#### RAW DATA
*** Block opens ***
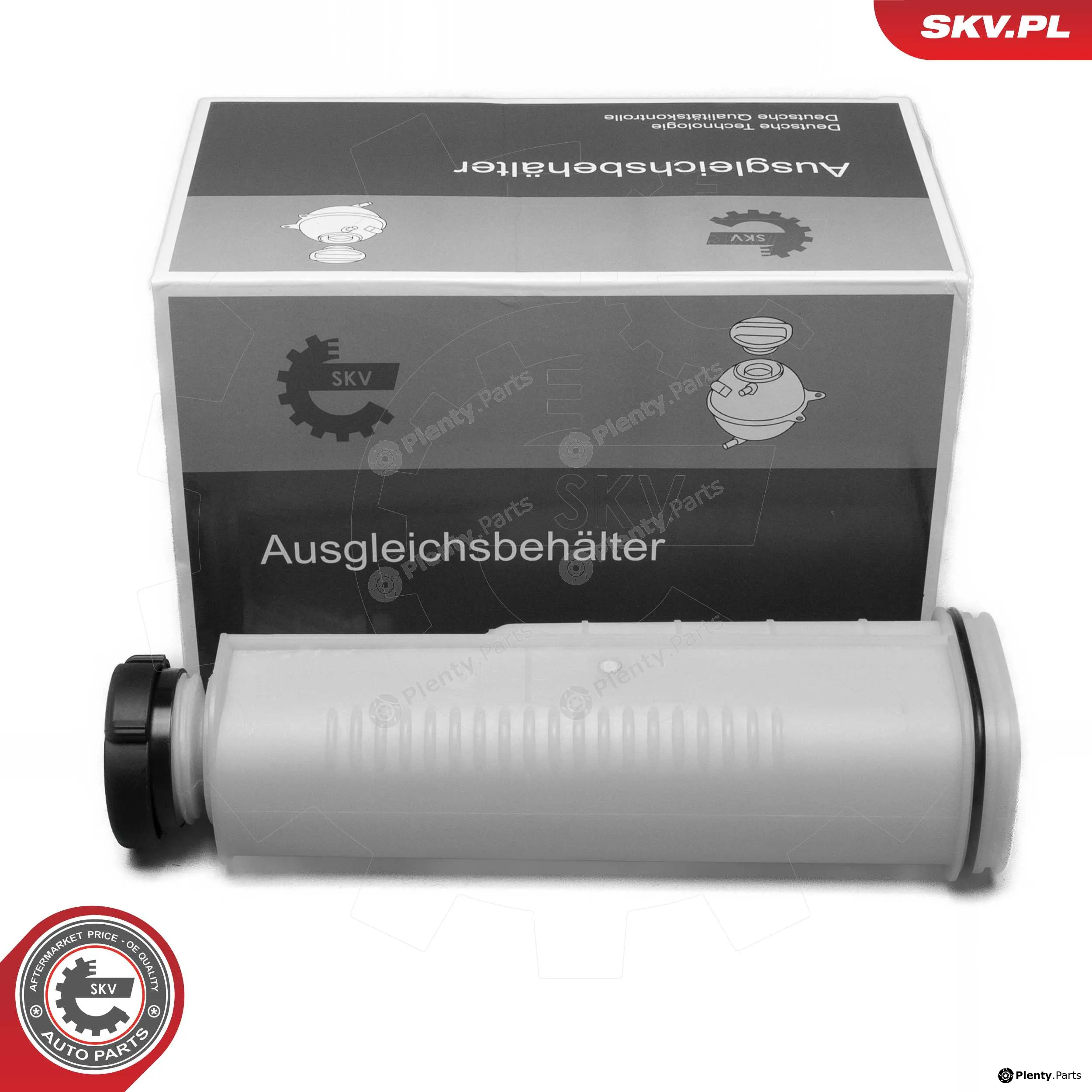 Esen SKV 61SKV348 — Expansion Tank, coolant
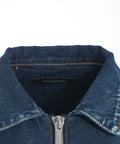 Giacca in denim 'Carpenter' #blu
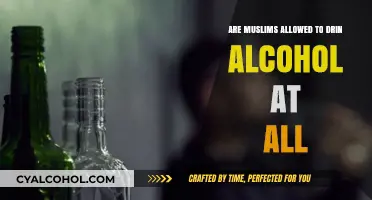 Can Muslims Drink Alcohol? Exploring Islamic Teachings on Intoxicants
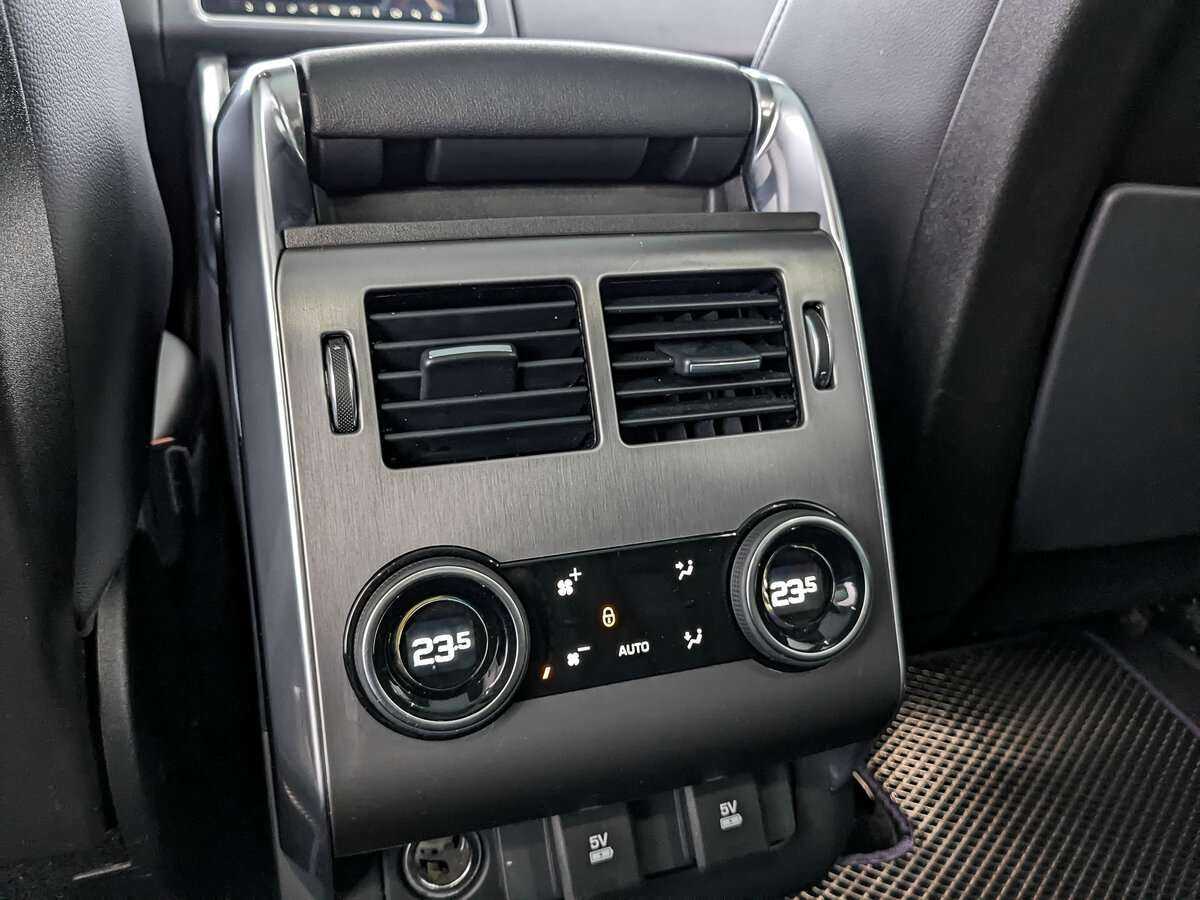Купить Land Rover Range Rover Sport, 2018, 125 612 км, фото №21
*** Block closes ***
Word for word and without pictures, restate only the lines running from the one that contains "Giacca in denim 'Carpenter' #blu" through the last line of the listing above.

#### YOUR SOLUTION
 Giacca in denim 'Carpenter' #blu
 Can Muslims Drink Alcohol? Exploring Islamic Teachings on Intoxicants
Купить Land Rover Range Rover Sport, 2018, 125 612 км, фото №21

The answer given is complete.